Records.
━━━━━━━━
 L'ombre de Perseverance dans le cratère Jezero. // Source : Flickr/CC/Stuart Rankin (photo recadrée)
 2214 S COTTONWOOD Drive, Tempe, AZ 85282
━━━━━━━━
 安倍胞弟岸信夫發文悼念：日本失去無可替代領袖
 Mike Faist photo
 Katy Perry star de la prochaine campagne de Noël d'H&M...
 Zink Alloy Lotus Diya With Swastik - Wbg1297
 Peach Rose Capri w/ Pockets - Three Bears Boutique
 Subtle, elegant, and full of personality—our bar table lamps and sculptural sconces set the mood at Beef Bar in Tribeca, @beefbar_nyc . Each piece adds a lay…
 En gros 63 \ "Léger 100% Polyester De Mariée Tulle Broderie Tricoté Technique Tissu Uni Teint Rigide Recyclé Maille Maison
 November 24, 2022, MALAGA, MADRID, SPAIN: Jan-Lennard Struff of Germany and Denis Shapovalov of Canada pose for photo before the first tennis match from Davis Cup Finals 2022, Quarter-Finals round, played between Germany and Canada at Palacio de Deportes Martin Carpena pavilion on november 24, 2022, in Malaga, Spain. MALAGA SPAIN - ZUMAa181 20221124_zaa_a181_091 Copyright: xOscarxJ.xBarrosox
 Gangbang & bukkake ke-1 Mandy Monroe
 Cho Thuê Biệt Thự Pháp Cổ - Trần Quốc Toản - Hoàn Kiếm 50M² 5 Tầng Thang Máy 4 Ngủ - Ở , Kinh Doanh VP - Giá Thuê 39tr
━━━━━━━━
Instructions for the task. "photo" is the string to look for; please copy every line of the records above where it appears.

Completed exercise.
 L'ombre de Perseverance dans le cratère Jezero. // Source : Flickr/CC/Stuart Rankin (photo recadrée)
 Mike Faist photo
 November 24, 2022, MALAGA, MADRID, SPAIN: Jan-Lennard Struff of Germany and Denis Shapovalov of Canada pose for photo before the first tennis match from Davis Cup Finals 2022, Quarter-Finals round, played between Germany and Canada at Palacio de Deportes Martin Carpena pavilion on november 24, 2022, in Malaga, Spain. MALAGA SPAIN - ZUMAa181 20221124_zaa_a181_091 Copyright: xOscarxJ.xBarrosox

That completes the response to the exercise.